‘3-G’ Workflow Pinpoints Shale Sweet Spots
By Ahmed Ouenes
THE WOODLANDS, TX.–Successfully drilling unconventional and tight sand wells requires identifying geologic and geomechanical sweet spots. Geomechanical sweet spots depend largely on two factors:
The interaction of regional stress with natural fractures, and two resulting key geomechanical sweet spot indicators: local horizontal differential stress, and local horizontal maximum stress direction; and
The interaction between hydraulic and natural fractures, which can be accurately modeled and validated with microseismic data and other frac stage performance indicators.
Extensively using geophysical and geologic data in geomechanical simulation (3-G workflow) enables operators to identify and validate low-differential stress zones (which allow the development of frac complexity) and reservoir strain that results from hydraulic stimulation of the naturally fractured reservoir with microseismic data and production logs. Another key output of a field-validated 3-G workflow is identifying areas where local stress rotation occurs, thereby preventing the development of transverse fracs.
Given the large capital expenditures required to develop unconventional oil and gas reservoirs, the industry has made numerous advances in reservoir modeling technology with the goal of improving production forecasts, reducing uncertainty and optimizing net present value. The common thread behind these reservoir modeling improvements has been a constant effort to honor the geology. In naturally fractured reservoirs such as shales, for example, a similar evolution of modeling improvement has been made where randomly distributed discrete natural fracture numerical modeling has been replaced by continuous fracture models that follow recognized geologic drivers controlling fracturing.
Honoring the geology becomes a major challenge when dealing with scarce well data.

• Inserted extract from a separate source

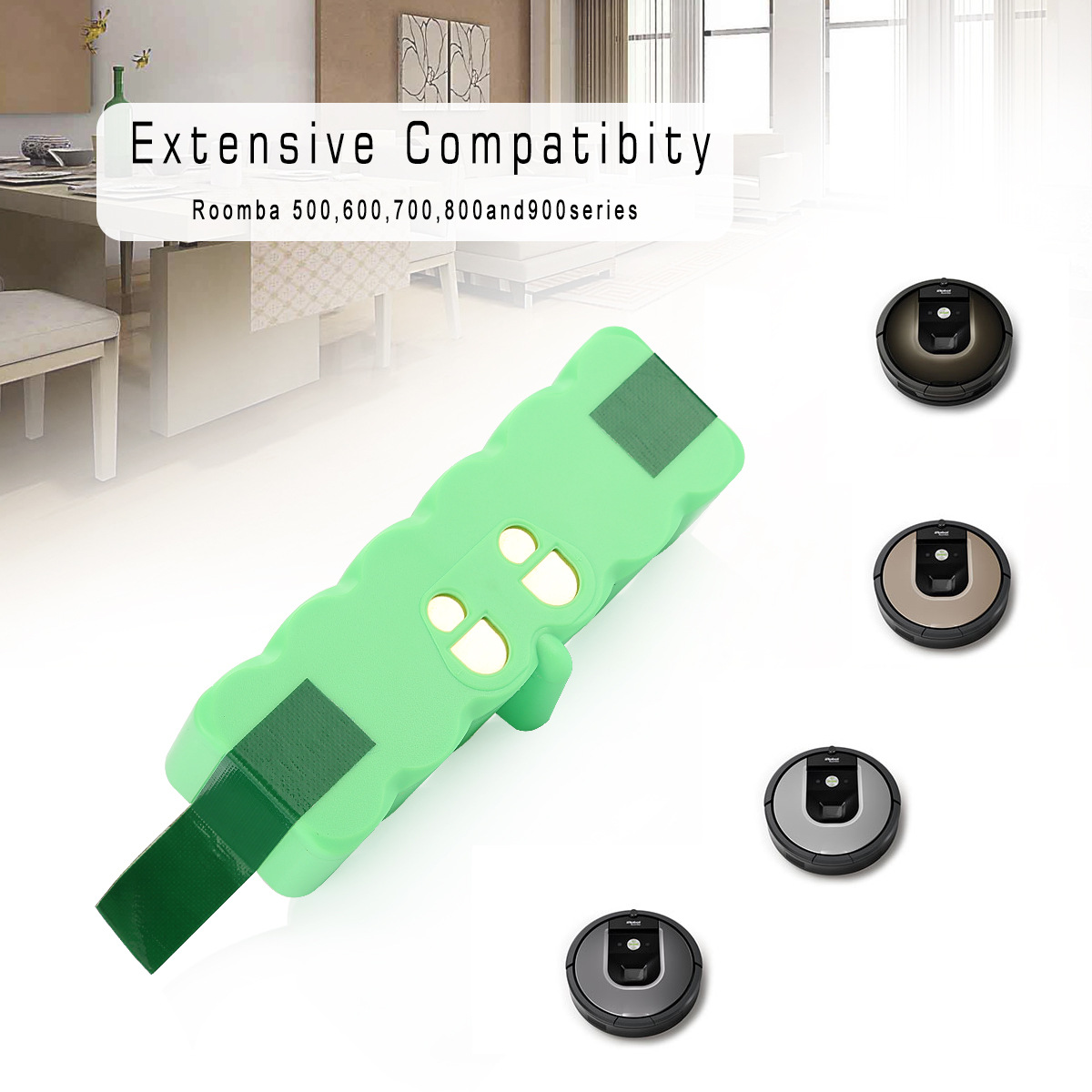 Suitable for Irobot Roomba 5/6/7/8/9 Series 14.4V 5200mAh Sweeping Machine Power Lithium Battery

However, that challenge can be addressed with 3-D seismic data when it is used in geologically driven modeling workflows. Having geophysical data available in a large reservoir volume can reveal the intricacies of complex geology. When combining well and seismic data in algorithms such as stochastic or geostatistical inversion, or building geostatistical or neural network reservoir models constrained by one or more relevant seismic attributes, the resulting high-resolution description of the subsurface can dramatically reduce uncertainties in production forecasts.
Building on two decades of progress integrating geology and geophysics, geomechanical modeling for completion optimization can benefit from past lessons learned, and hopefully, provide the required next generation 3-G output models that will lead to better production forecasting.
Three Major Components
The successful development of unconventional resources requires the recognition of three major components: the geologic heritage, the stress environment, and “free will” variables associated with fracturing and completion designs.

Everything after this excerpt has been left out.